Exercise instructions: Copy exactly the lines from the one containing "Uciekła kotka Głowno" through the last line of the records below, including both, and leave out any pictures.

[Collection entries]

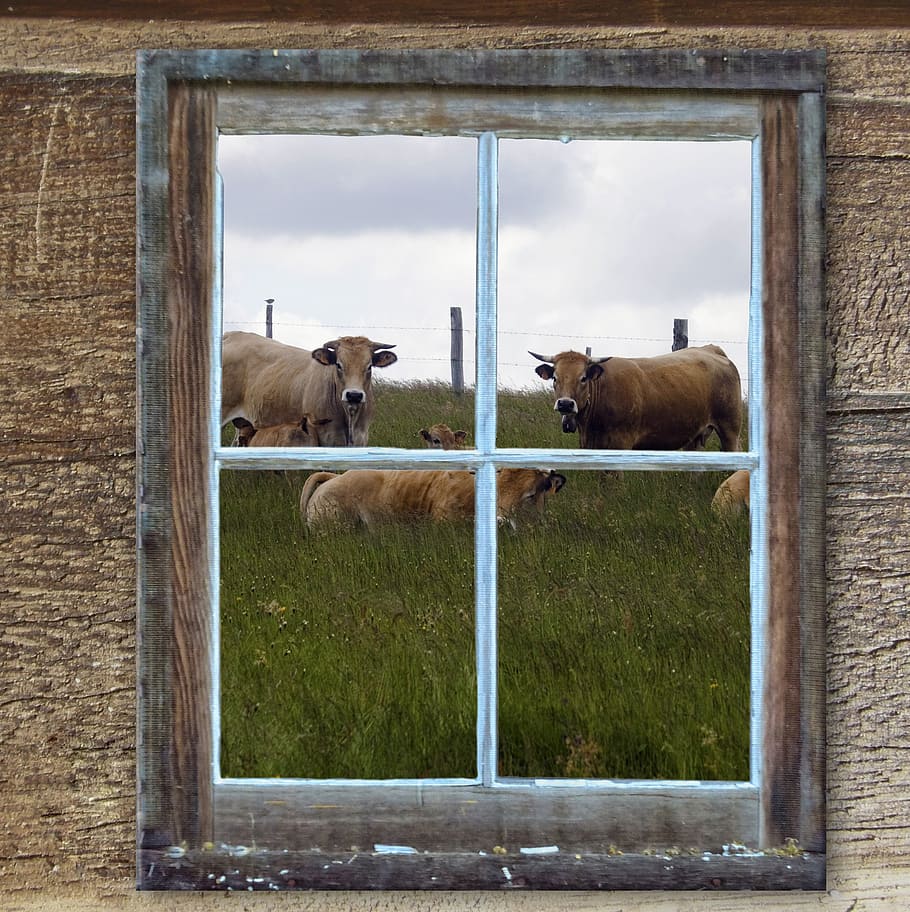window, old, hut, alm, cows, summer, meadow, pasture, farm HD wallpaper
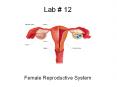 Lab # 12 Female Reproductive System Female Reproductiv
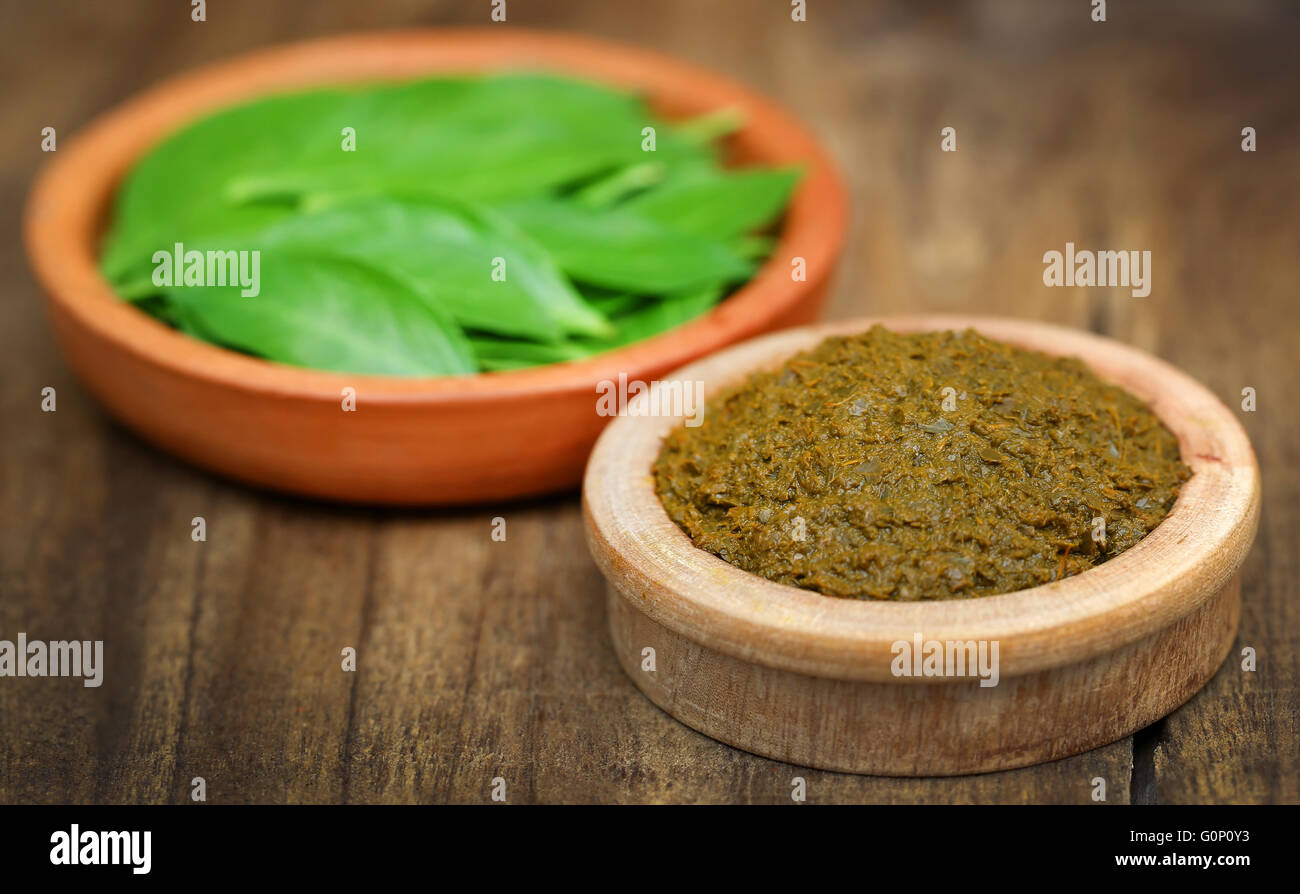 Closeup of some ayurvedic henna leaves with paste Stock Photo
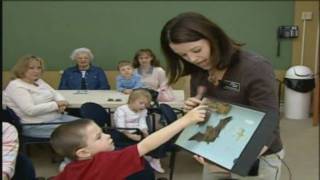 Doodle Bugs At The Virginia Museum Of Natural History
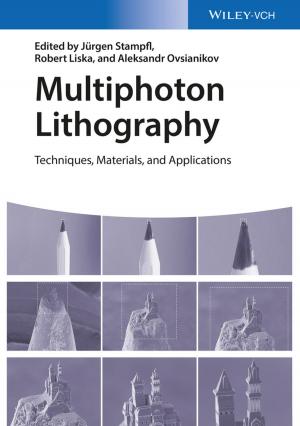 Cover of the book Multiphoton Lithography by Dragan Poljak, Khalil El Khamlichi Drissi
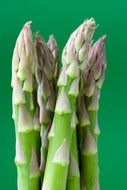 green asparagus on green background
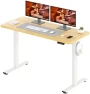 Превью Dual Motor Standing Desk — Standing Desk, FitStand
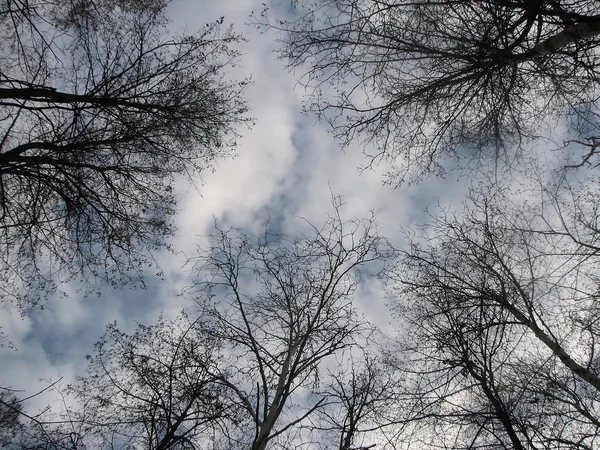 stock image Trees on a background of the sky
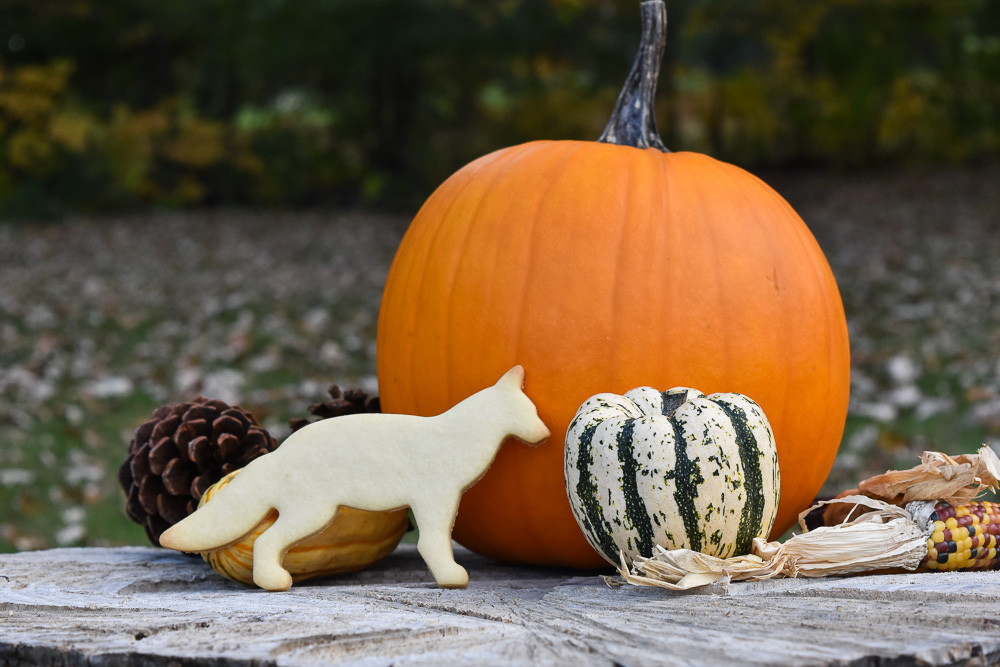 FOX - ecrandal handmade copper cookie cutters
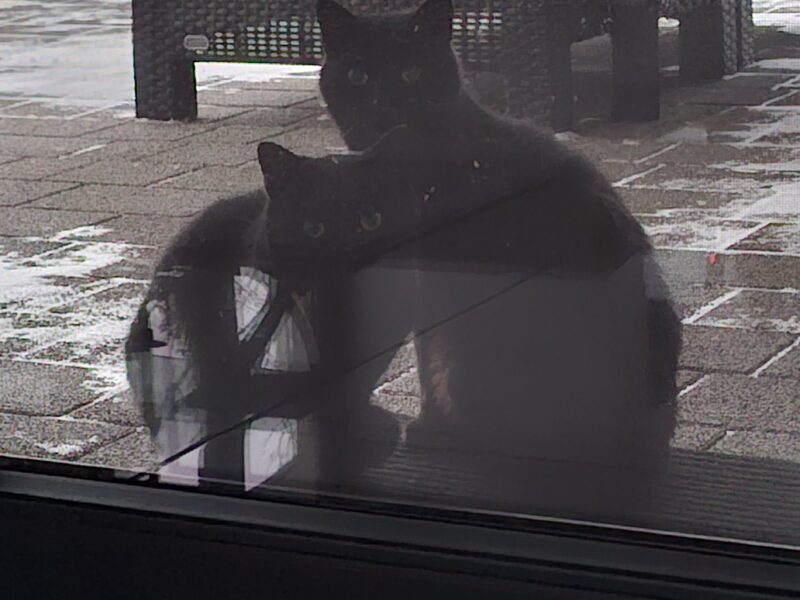 Uciekła kotka Głowno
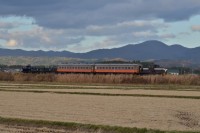 ディーゼル機関車+客車2両+貨車2両+タンク車。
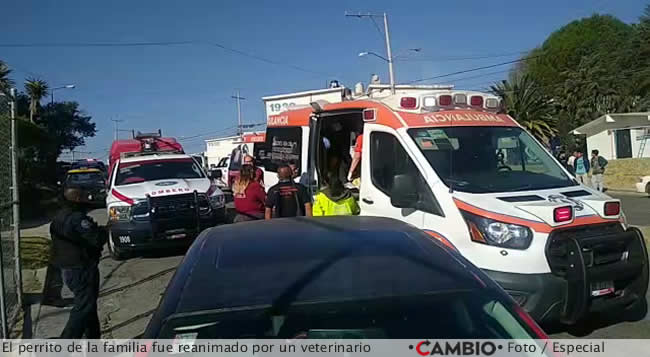 explosion san miguel mayorazgo boiler familia perrito reanimado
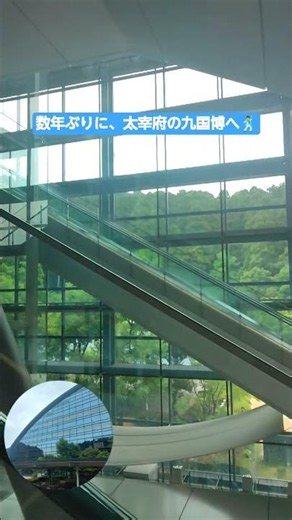 九州国立博物館へ若冲展を観に来ましたョ👀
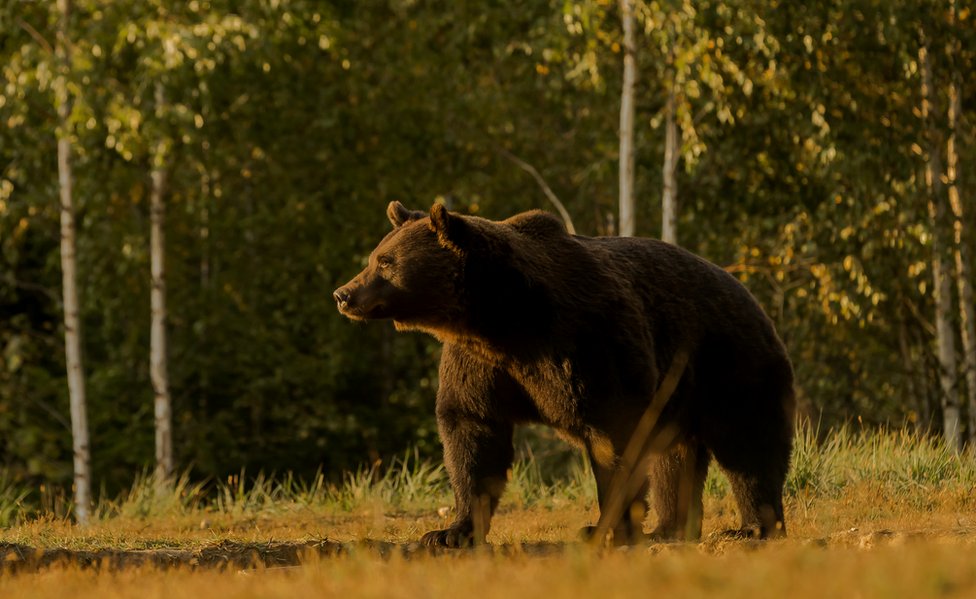 U Rumuniji ivi oko 6.000 medveda/Levente Peter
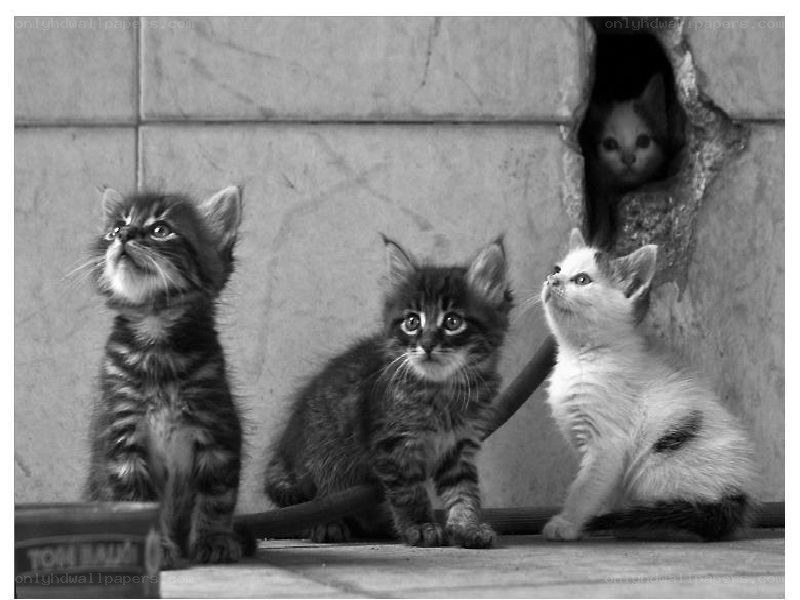 kittens in a hole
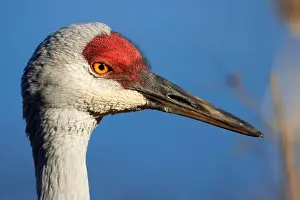 Fraser River Prints: Sandhill crane (Grus canadensis)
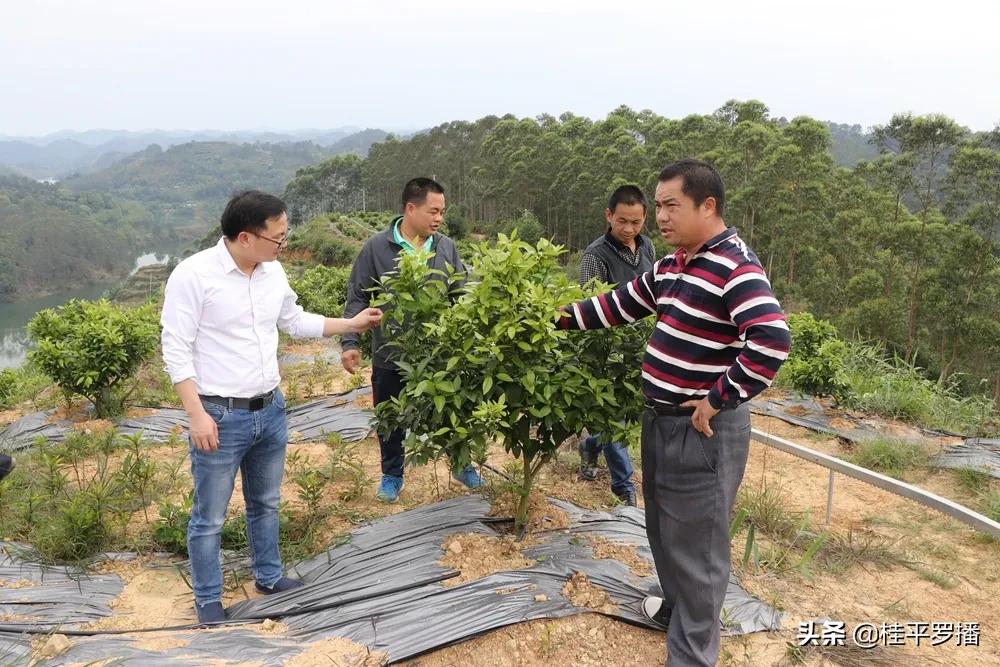 桂平市油麻镇新貌，时代变迁的图片记录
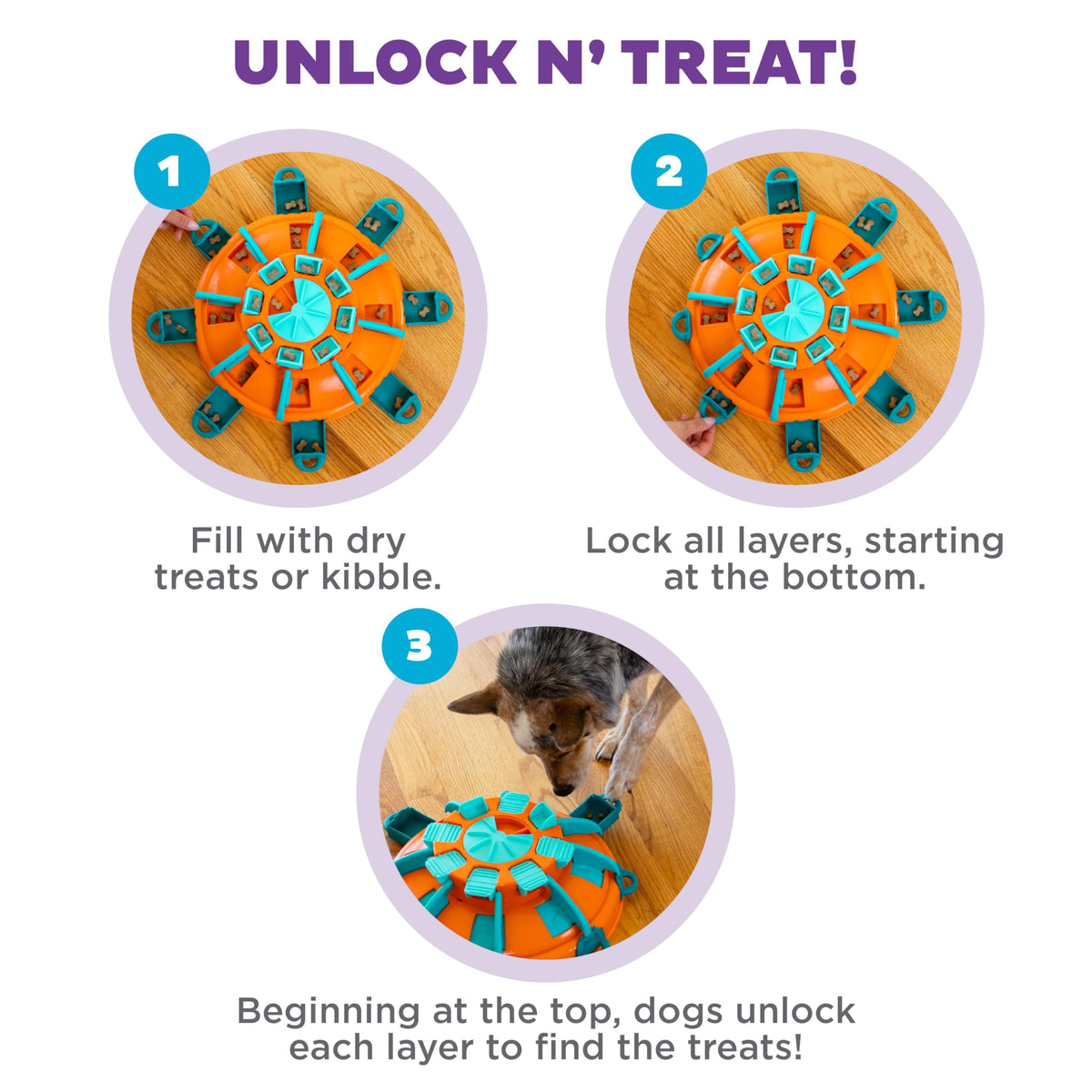 Dog Toy Treat Puzzle C23855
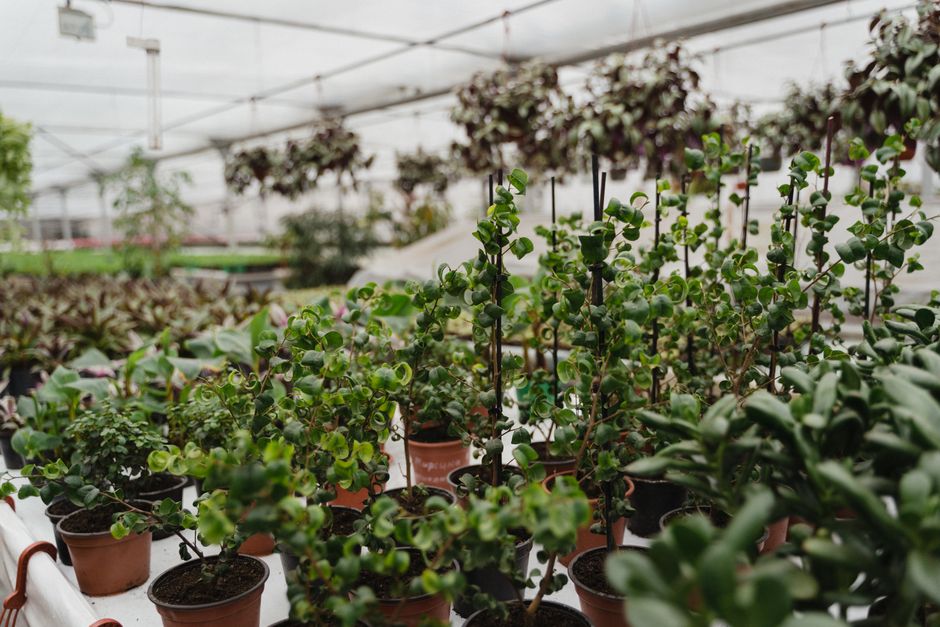 A wide selection of flowering plants and shrubs on display in a garden nursery.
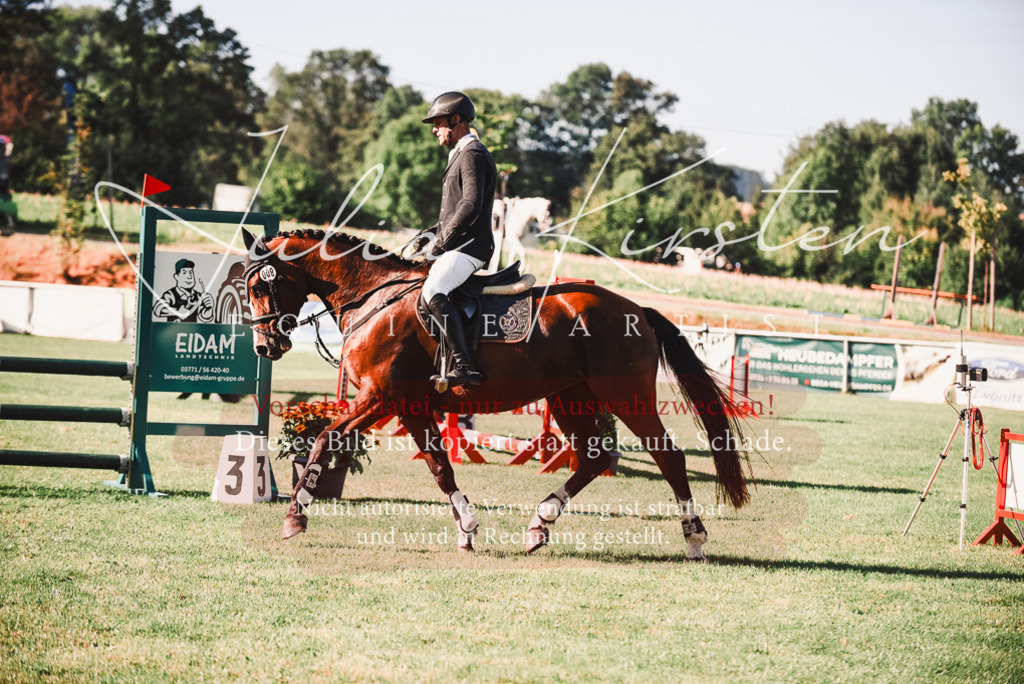 DSC_2199 | Pferde- und Turnierfotografie in Westsachsen. Pferdeportraits, Auftragszeichnungen und intuitive Kunst.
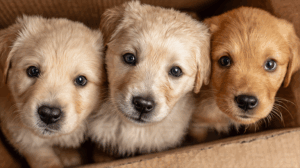 Golden Retriever Puppies Sitting in a Box Together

Result for this exercise:
 Uciekła kotka Głowno
 ディーゼル機関車+客車2両+貨車2両+タンク車。
 explosion san miguel mayorazgo boiler familia perrito reanimado
 九州国立博物館へ若冲展を観に来ましたョ👀
 U Rumuniji ivi oko 6.000 medveda/Levente Peter
 kittens in a hole
 Fraser River Prints: Sandhill crane (Grus canadensis)
 桂平市油麻镇新貌，时代变迁的图片记录
 Dog Toy Treat Puzzle C23855
 A wide selection of flowering plants and shrubs on display in a garden nursery.
 DSC_2199 | Pferde- und Turnierfotografie in Westsachsen. Pferdeportraits, Auftragszeichnungen und intuitive Kunst.
 Golden Retriever Puppies Sitting in a Box Together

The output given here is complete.